Diabetes Mellitus Disease Prediction Using Machine Learning Classifiers with Oversampling and Feature Augmentation
The technical improvements in healthcare sector today have given rise to many new inventions in the field of artificial intelligence. Patterns for disease identification are carried out, and the onset of prediction of many diseases is detected. Diseases include diabetes mellitus disease, fatal heart diseases, and symptomatic cancer. There are many algorithms that have played a critical role in the prediction of diseases. This paper proposes an ML based approach for diabetes mellitus disease prediction.

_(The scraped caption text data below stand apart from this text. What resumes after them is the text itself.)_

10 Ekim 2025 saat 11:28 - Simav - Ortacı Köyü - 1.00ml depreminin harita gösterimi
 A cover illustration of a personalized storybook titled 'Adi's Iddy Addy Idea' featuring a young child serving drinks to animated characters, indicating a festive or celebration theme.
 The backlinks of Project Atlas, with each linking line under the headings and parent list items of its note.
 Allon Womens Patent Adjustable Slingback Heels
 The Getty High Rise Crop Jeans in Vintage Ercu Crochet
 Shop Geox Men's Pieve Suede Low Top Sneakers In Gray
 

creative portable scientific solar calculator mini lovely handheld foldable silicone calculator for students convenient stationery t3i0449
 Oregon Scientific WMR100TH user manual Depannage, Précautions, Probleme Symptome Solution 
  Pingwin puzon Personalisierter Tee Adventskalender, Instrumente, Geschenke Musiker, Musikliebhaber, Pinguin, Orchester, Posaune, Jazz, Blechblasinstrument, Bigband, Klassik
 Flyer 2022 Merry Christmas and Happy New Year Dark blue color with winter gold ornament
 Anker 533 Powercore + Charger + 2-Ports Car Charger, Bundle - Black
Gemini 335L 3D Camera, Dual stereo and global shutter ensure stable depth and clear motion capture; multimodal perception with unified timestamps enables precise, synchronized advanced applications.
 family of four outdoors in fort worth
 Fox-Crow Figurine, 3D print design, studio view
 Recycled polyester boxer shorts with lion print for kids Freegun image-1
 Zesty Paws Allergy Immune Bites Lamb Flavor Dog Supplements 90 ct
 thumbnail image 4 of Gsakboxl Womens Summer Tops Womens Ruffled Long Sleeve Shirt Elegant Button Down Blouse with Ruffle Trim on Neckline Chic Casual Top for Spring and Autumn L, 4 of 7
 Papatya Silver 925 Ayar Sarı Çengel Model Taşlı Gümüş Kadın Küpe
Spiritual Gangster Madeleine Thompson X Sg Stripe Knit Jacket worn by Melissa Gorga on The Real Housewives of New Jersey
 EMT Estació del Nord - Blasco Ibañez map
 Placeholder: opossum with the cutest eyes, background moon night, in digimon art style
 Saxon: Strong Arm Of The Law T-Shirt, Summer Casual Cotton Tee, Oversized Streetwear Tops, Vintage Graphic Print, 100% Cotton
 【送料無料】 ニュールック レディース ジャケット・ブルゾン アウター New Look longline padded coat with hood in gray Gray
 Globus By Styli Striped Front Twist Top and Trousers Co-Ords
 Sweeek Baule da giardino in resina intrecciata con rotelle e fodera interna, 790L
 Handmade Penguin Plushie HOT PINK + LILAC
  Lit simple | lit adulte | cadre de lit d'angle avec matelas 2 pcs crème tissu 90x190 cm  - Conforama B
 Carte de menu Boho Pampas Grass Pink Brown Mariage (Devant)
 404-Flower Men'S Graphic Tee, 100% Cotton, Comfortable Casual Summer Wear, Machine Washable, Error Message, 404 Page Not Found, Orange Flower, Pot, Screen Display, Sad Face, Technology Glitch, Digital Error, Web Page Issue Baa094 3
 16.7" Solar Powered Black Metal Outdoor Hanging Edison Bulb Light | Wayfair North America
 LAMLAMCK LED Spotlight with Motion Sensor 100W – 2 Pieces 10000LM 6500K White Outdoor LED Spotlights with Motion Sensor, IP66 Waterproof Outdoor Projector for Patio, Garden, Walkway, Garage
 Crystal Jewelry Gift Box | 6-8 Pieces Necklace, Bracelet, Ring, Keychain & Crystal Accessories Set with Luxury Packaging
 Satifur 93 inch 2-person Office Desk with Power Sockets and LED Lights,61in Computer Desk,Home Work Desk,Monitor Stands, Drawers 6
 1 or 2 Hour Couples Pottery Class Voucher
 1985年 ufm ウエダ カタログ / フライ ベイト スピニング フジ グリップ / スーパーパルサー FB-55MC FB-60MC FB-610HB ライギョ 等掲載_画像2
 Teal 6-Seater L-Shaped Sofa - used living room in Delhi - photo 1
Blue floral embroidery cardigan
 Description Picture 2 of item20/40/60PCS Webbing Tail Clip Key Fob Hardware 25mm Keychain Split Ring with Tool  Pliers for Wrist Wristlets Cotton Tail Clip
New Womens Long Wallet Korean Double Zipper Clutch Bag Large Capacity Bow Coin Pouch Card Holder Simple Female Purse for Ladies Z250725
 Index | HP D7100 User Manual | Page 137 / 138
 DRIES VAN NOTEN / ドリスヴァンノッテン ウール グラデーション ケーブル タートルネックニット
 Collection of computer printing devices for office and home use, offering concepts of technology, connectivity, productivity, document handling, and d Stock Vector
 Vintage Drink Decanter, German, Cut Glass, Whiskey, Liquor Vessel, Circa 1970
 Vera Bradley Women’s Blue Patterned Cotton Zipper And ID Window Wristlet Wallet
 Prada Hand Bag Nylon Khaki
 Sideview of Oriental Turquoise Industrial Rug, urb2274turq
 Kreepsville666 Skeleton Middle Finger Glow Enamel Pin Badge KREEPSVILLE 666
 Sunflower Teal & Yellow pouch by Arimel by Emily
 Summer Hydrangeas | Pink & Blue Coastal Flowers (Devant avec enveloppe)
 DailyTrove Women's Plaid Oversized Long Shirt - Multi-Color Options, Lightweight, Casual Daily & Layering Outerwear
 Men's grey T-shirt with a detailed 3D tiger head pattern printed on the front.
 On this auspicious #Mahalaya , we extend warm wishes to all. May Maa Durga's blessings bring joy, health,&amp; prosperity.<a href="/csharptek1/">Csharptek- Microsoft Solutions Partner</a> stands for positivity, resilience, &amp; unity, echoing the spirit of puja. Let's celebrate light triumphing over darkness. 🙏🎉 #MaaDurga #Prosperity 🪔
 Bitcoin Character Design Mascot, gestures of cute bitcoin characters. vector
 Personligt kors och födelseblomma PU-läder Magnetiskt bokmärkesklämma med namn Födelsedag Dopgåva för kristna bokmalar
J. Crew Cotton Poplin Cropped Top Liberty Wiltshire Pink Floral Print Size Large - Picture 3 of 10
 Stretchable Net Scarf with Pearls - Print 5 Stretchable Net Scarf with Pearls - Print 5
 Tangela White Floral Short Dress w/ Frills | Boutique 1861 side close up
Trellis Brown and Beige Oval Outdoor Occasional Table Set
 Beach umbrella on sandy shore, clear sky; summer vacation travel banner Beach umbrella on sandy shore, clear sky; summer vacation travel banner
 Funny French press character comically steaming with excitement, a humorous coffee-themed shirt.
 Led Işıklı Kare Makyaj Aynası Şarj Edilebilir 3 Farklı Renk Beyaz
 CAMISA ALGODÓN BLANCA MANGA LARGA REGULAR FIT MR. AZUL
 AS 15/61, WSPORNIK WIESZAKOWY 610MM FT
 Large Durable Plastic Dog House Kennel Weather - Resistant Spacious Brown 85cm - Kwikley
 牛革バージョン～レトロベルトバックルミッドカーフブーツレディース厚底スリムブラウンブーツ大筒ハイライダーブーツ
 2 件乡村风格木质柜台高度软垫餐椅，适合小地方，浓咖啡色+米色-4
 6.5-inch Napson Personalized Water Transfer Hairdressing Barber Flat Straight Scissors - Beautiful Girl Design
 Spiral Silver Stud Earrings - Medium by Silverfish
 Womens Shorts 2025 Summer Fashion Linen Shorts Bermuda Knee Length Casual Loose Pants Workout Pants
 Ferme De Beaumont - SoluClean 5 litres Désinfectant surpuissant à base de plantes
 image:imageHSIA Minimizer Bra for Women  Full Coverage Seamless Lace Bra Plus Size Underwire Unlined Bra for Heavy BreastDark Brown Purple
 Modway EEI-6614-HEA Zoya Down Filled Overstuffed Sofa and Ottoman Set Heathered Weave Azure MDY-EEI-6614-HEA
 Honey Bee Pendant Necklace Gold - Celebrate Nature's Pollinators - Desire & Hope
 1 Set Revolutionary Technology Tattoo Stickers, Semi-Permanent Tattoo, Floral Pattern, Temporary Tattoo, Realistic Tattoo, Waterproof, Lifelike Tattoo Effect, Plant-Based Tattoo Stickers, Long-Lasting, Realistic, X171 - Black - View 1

For diabetes prediction, many ML algorithms are compared and used in the proposed work, and finally the three ML classifiers providing the highest accuracy are determined: RF, GBM, and LGBM. The accuracy of prediction is obtained using two types of datasets. They are Pima Indians dataset and a curated dataset. The ML classifiers LGBM, GB, and RF are used to build a predictive model, and the accuracy of each classifier is noted and compared. In addition to the generalized prediction mechanism, the data augmentation technique is also used, and the final accuracy of prediction is obtained for the classifiers LGBM, GB, and RF. A comparative study and demonstration between augmentation and non-augmentation are also discussed for the two datasets used in order to further improve the performance accuracy for predicting diabetes disease.